Maeve va finir par devenir LE prénom de référence de toutes les jeunes et séduisantes rebelles. Il y a eu celle de la série culte pour ados, Sex Education, et maintenant il faut compter avec Maeve Murray, une catholique pur jus à la gouaille en passe d’être homologuée par les linguistes les plus téméraires. Savoureux personnage créé par l’Irlandaise Michelle Gallen et dont le but immédiat dans l’existence est de trimer pendant ses vacances pour gagner de quoi vivre décemment à Londres mais sans pour autant faciliter la vie à son employeur, voire même lui donner « Du Fil à retordre ». Ne serait-ce que parce qu’il est Anglais.

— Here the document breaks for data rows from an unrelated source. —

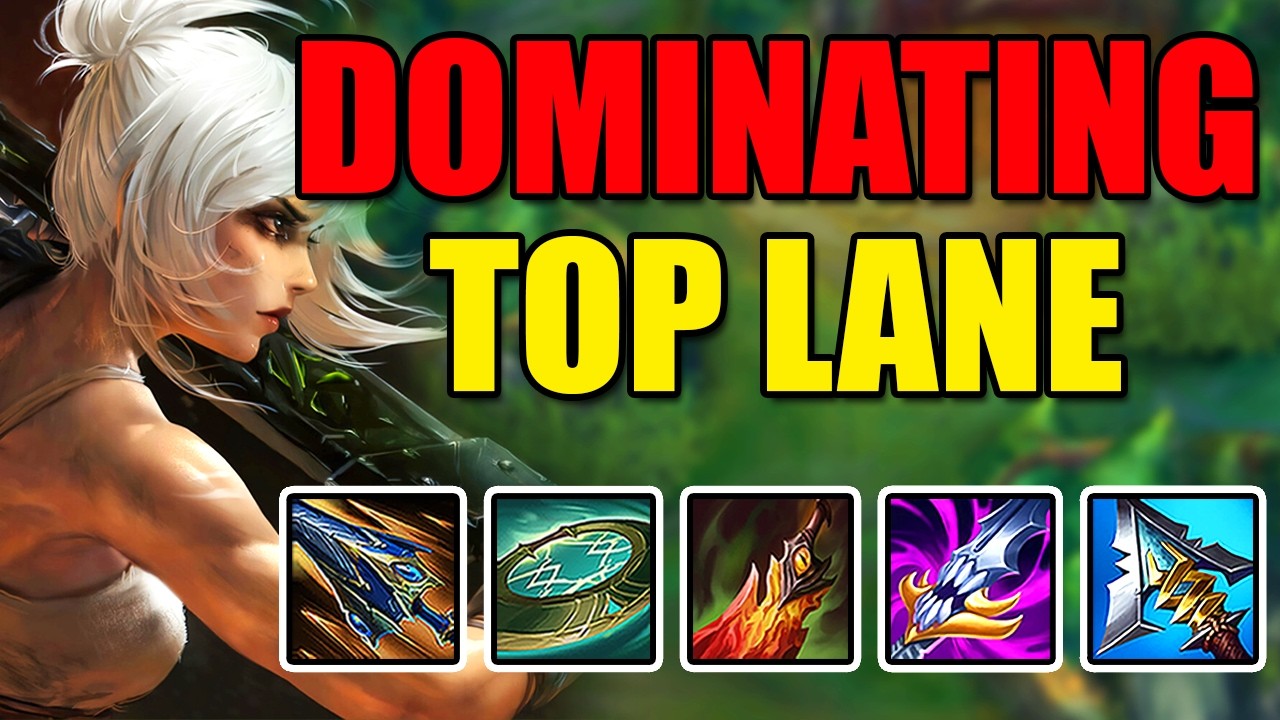 Challenger Rank 1 Riven INSANE 1v9 CARRY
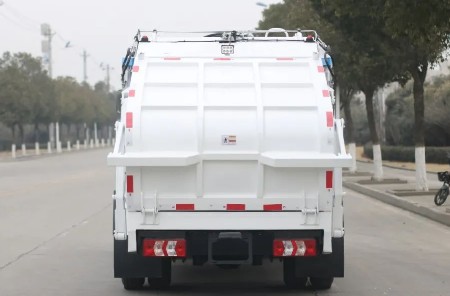 陕汽轩德X9国六6方压缩式垃圾车_压缩式垃圾车生产厂家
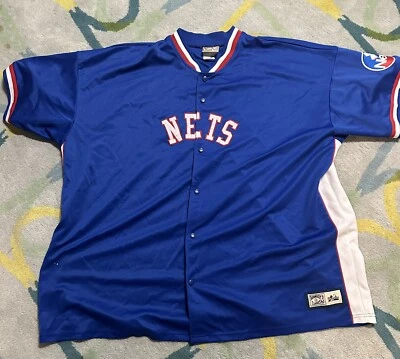 NEW JERSEY NETS SHOOTING SHIRT MAJESTIC HARDWOOD CLASSICS  4XL - Image 1 of 4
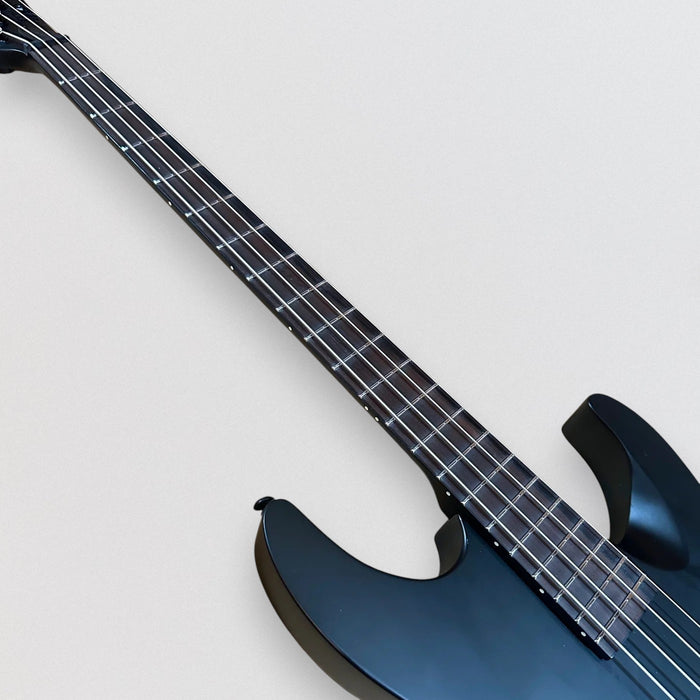 ESP LTD M-4 Black Metal 4 String Electric Bass Guitar - Satin Black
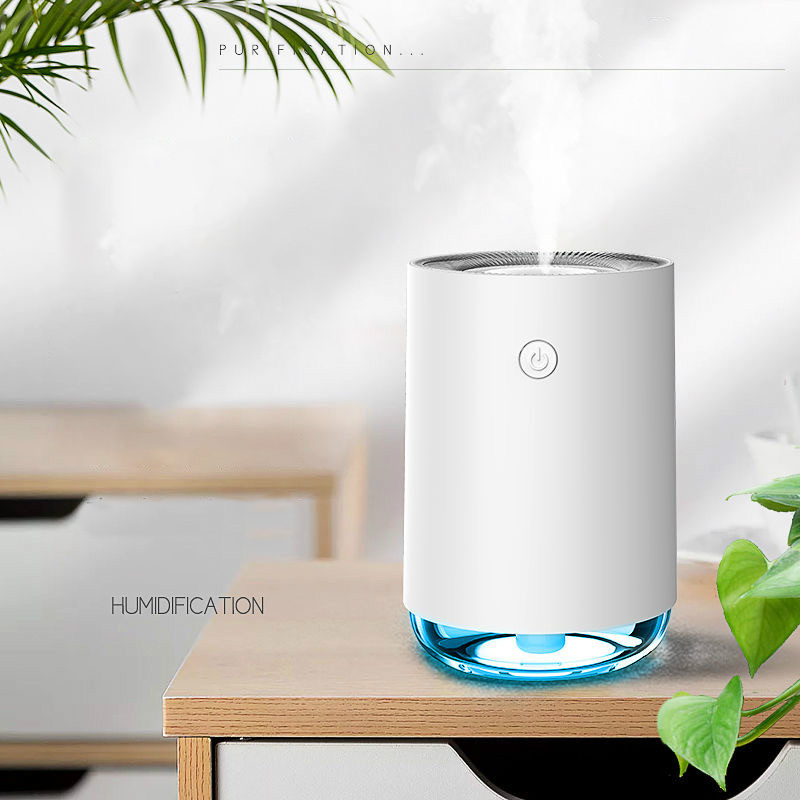 Humidifier with night light, green - Image 3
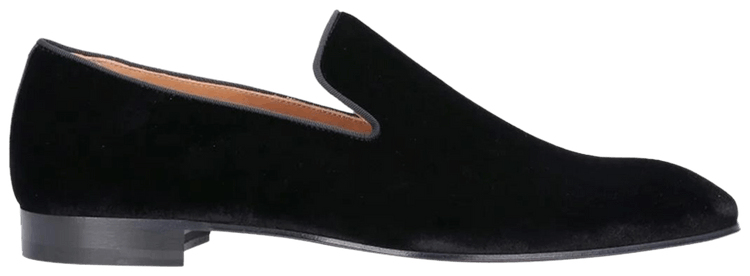 Christian Louboutin Dandelion Flat Black Velvet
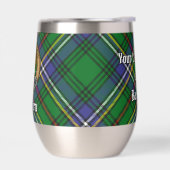 Clan Cockburn Crest over Tartan (Links)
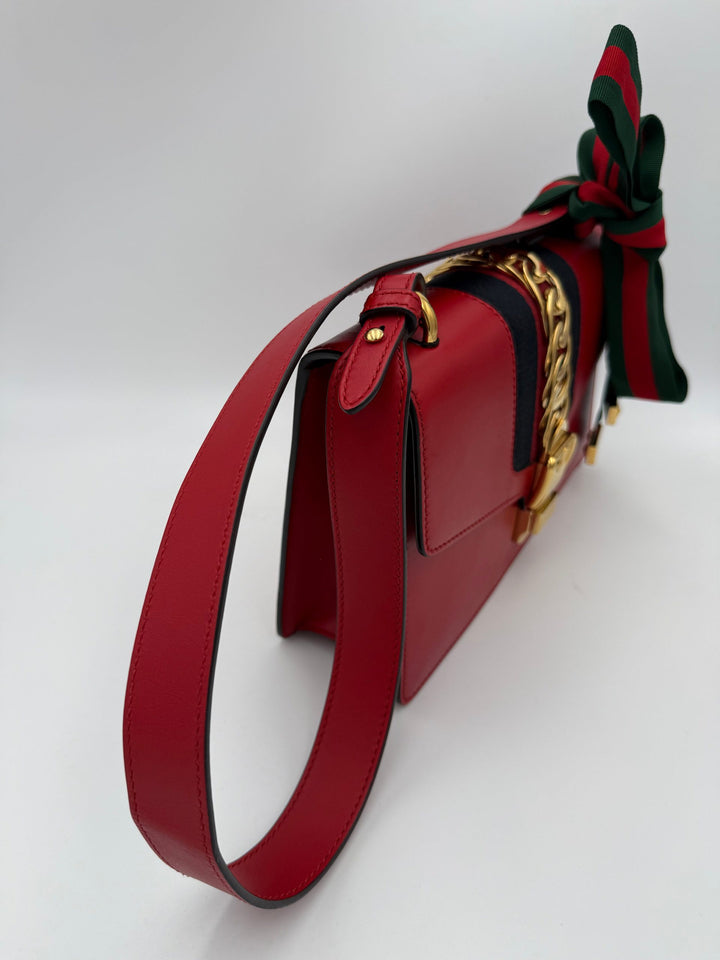 GUCCI SYLVIE Red Handbag Gucci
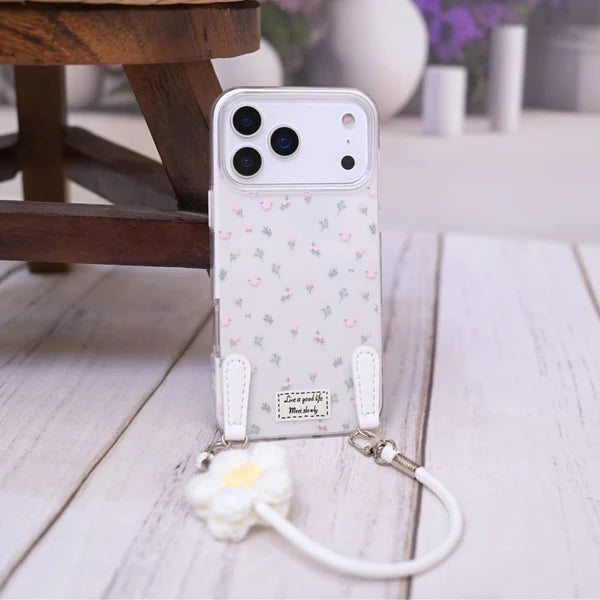 Daisy Charm Lanyard Phone Case
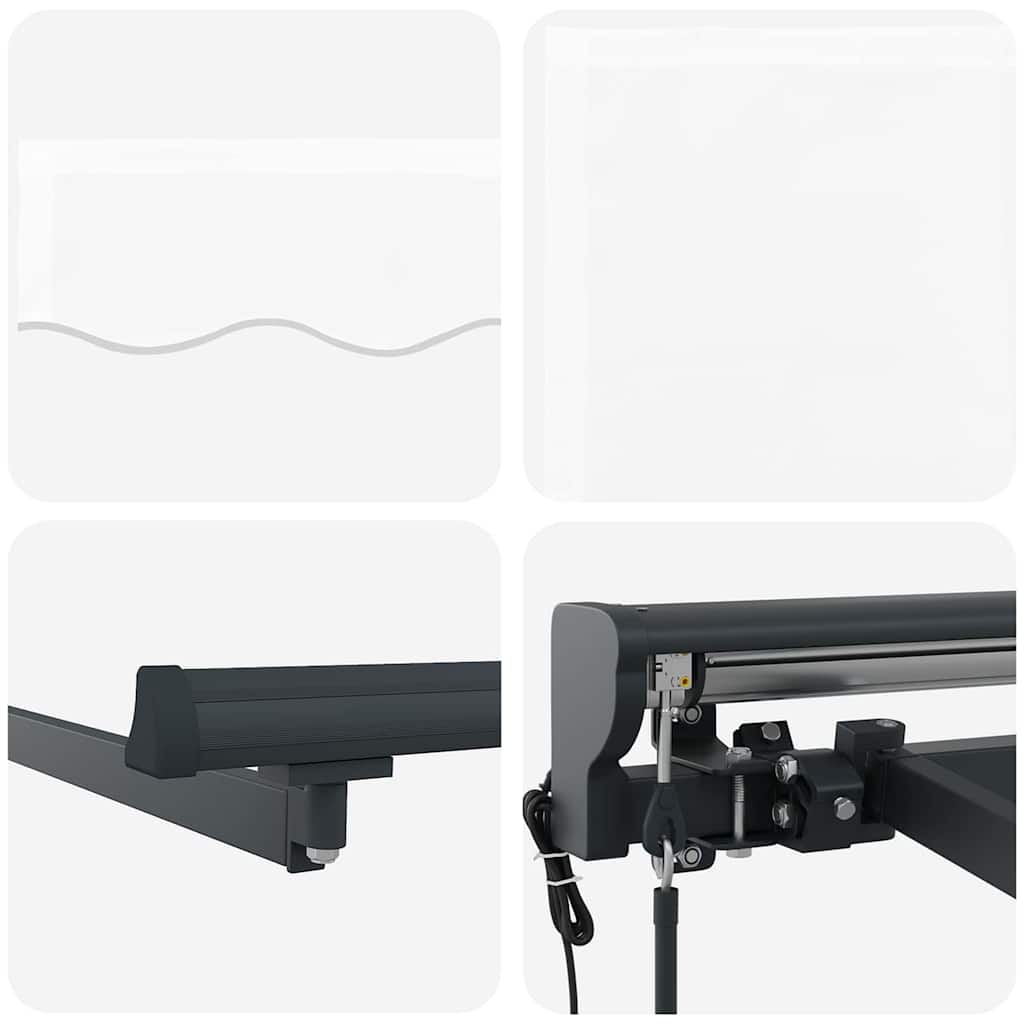 Cortina Retractabilă Alb 400x300 cm țesătură GartenMobel Dekor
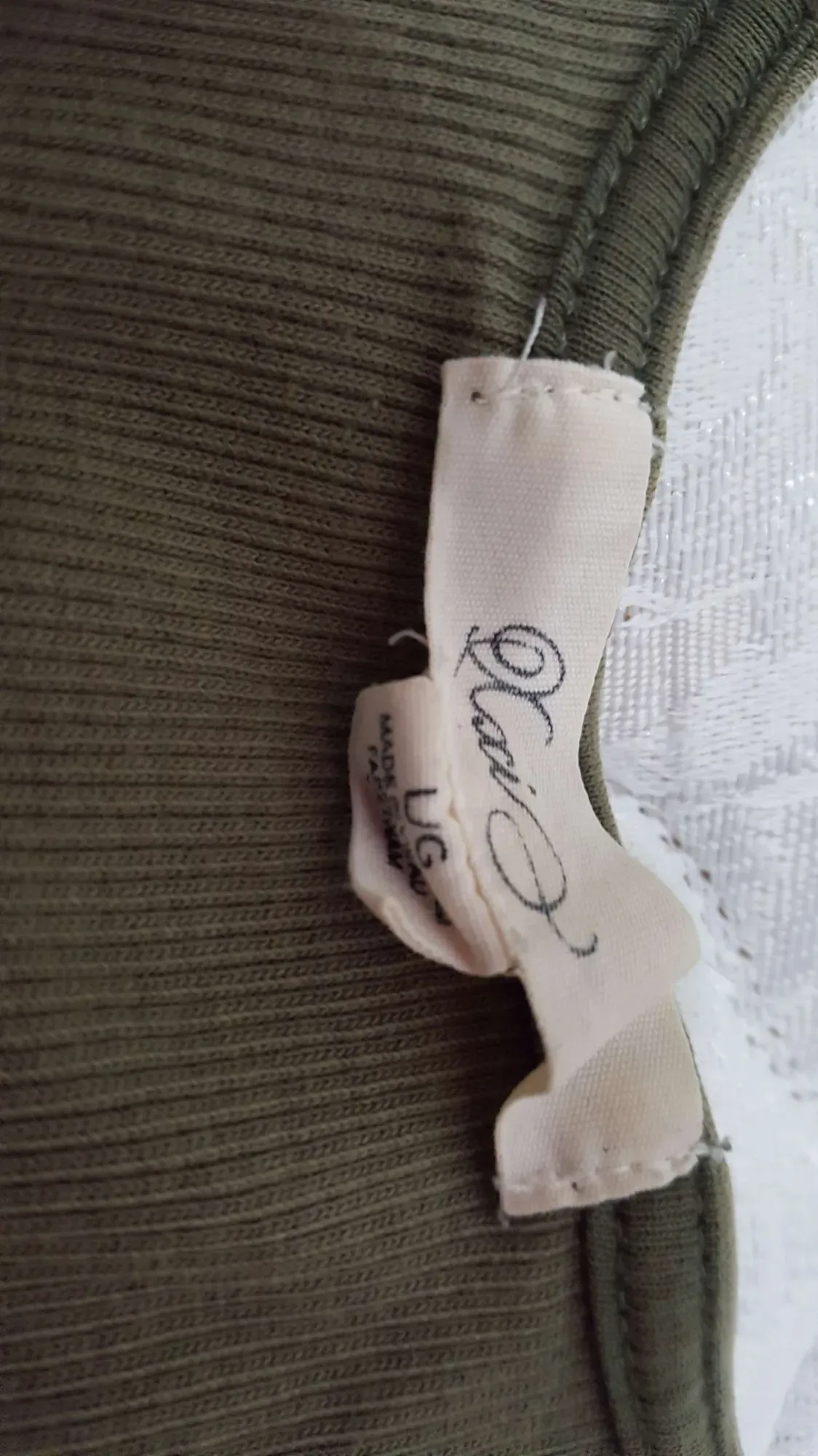 Green tank top - says size large but could fit smaller for a... - photo 2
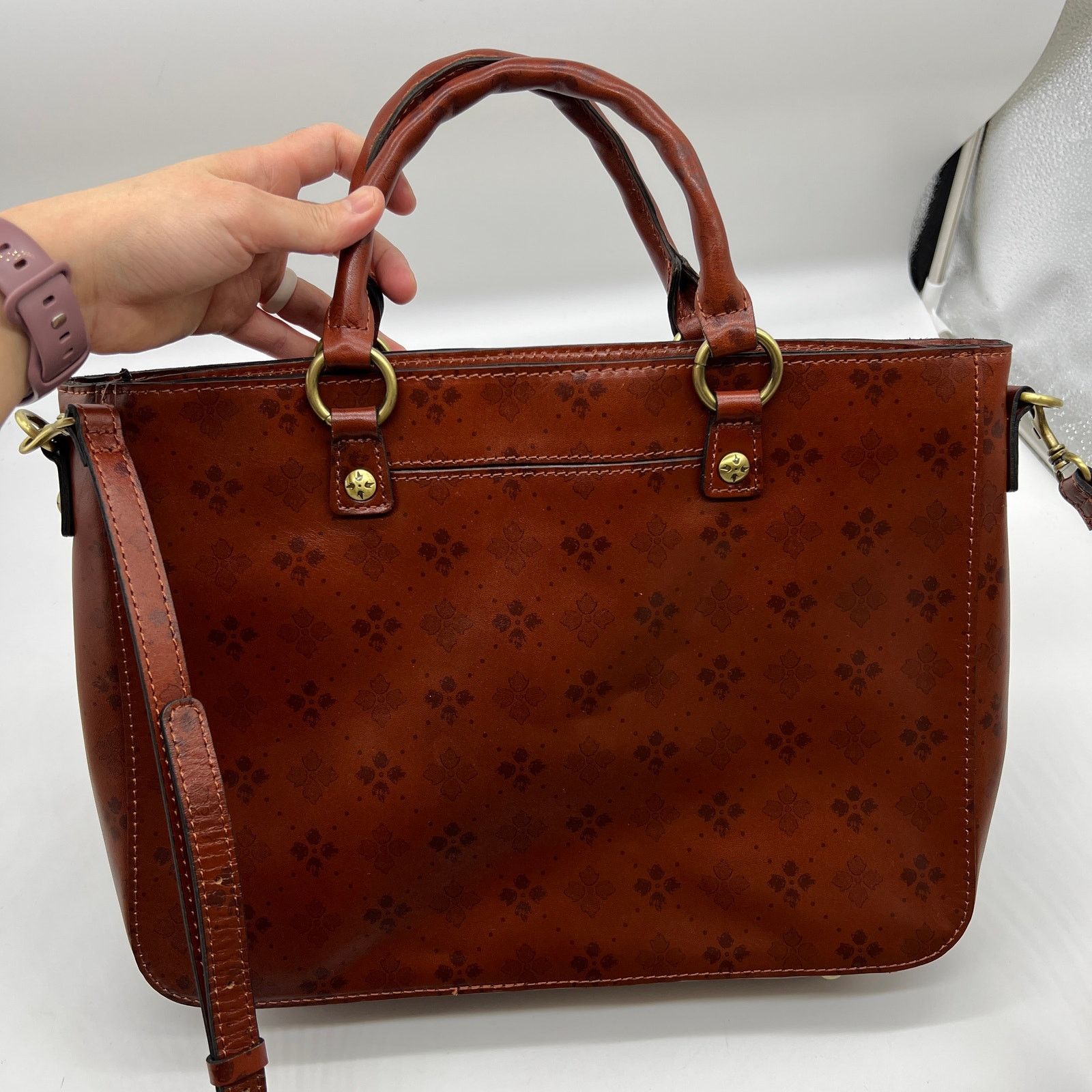 Other Patricia Nash Leather Solene Satchel with Crossbody Stra Size ONE SIZE - 11 Thumbnail
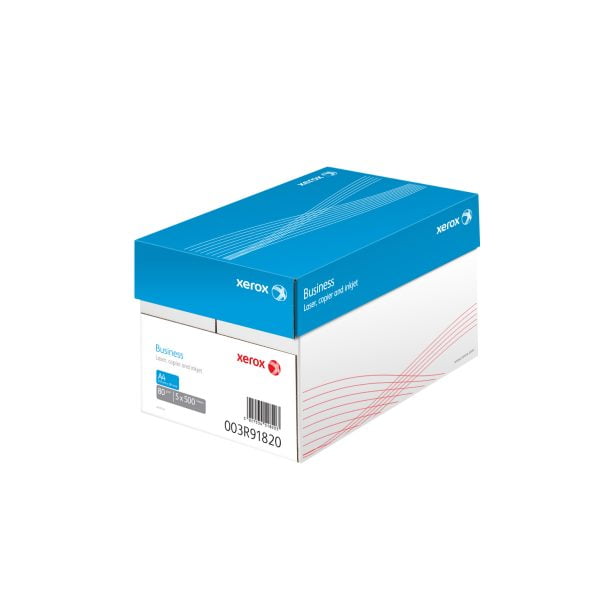 HARTIE COPIATOR A4 BUSINESS 80G 500/TOP XEROX - PALET 300 TOP – poza 2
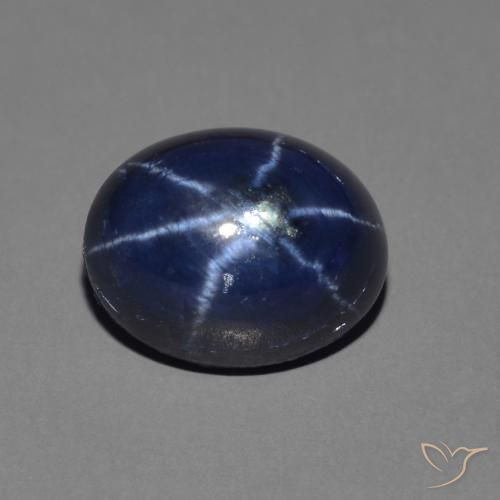 3.60ct Natürlicher Navy blau Sternsaphir, Oval, Lichtundurchlässig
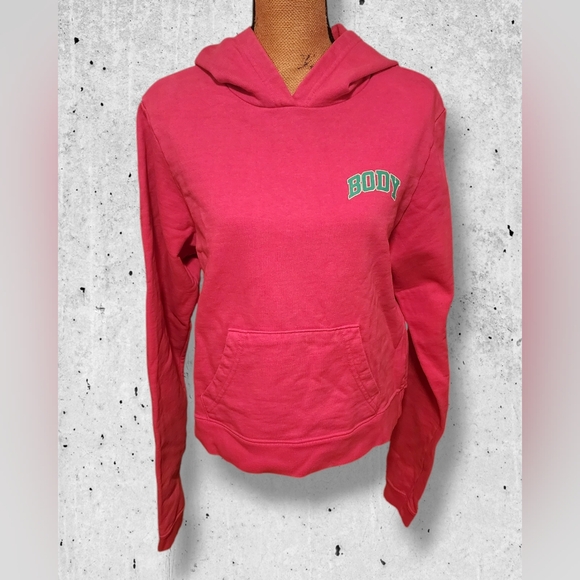 Pink and Green Body Hoodie By Tracy Raven. Size XL - Picture 6 of 13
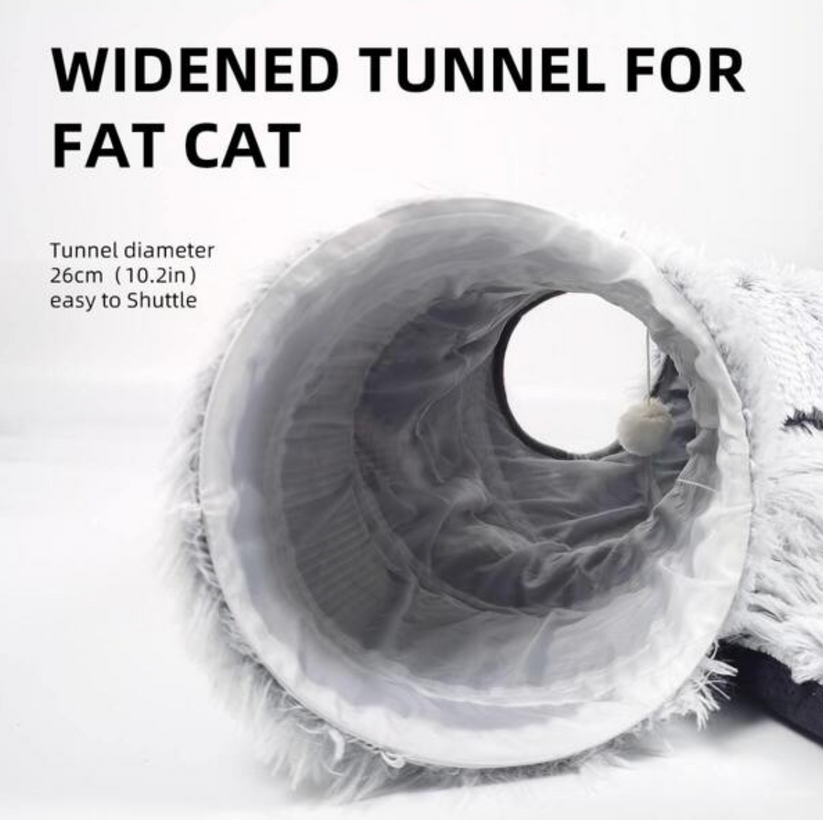 Donut Kattunnelsäng – Mjuk & Lekfull Sovplats för Katt och Smådjur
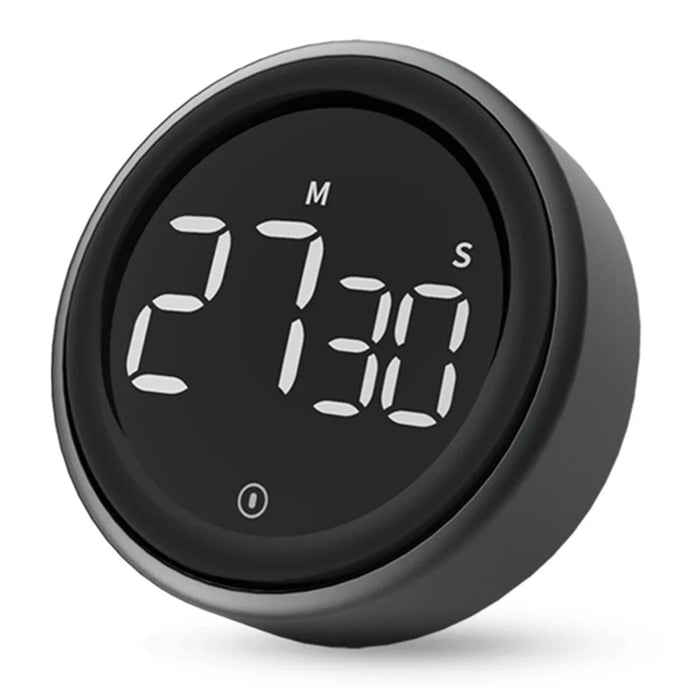 5250 Rotating Digital Kitchen Timer Magnetic Cooking Timer LED Counter Alarm Stopwatch Mechanical Electronic Timer for Baking Study Restaurant - 1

Maeve pique le lecteur dès les premières pages. Elle trimballe une forme de cynisme qui lui sert autant de bouclier affectif contre les attaques extérieures que de frein contre ses propres pulsions. Ne pas s’emballer, ne pas exploser. À travers Maeve, Michelle Gallen offre un portrait dur et désenchanté d’une jeunesse « cornerisée » entre la pauvreté et le sectarisme religieux avec un voisin anglais omniprésent. D’un côté les catholiques, de l’autre, les Réformés ou encore les protestants, les loyalistes. Si la jeune fille qui manie l’ironie avec un art consommé essaie tant bien que mal de s’affranchir de ce schéma mortifère, la réalité la rattrape toujours.
Maeve, 18 ans, attend avec impatience et anxiété les résultats de fin d’année déterminants pour son futur immédiat. Elle ne s’emballe pas, sait très bien qu’elle a fait ce qu’il fallait mais qu’elle n’a aucune chance d’être prise dans une université anglaise, elle la Catholique d’Irlande du Nord qui prétend faire du journalisme. La vérité, un gros sujet de manière générale mais encore plus en Ulster. Il y aurait de quoi dire sur l’objectivité et la subjectivité, des concepts mal compris, voire surcotés. Mais que peut-on faire face au destin ? Le contourner, peut-être. Alors soixante-quatorze jours avant les résultats, Maeve s’inscrit à l’usine avec deux autres amies en partant du principe qu’elle sera prise. Elle aura besoin de cet argent pour sa nouvelle vie à Londres.
Qui est le boss de cette entreprise de textile ? « Andrew Strawbridge, un connard d’Anglais » qui l’appelle constamment « Mizz Murray ». Ce qui l’énerve prodigieusement. Les ouvrières ? On pratique la réconciliation dans cette boîte, alors catholiques et protestants travaillent ensemble. Se mélangent elles ? En réalité, pas vraiment, bien évidemment. Même si parfois, la dureté des rapports entre elles et la direction les amènent à faire front commun, notamment sur les conditions de travail. Et la paie.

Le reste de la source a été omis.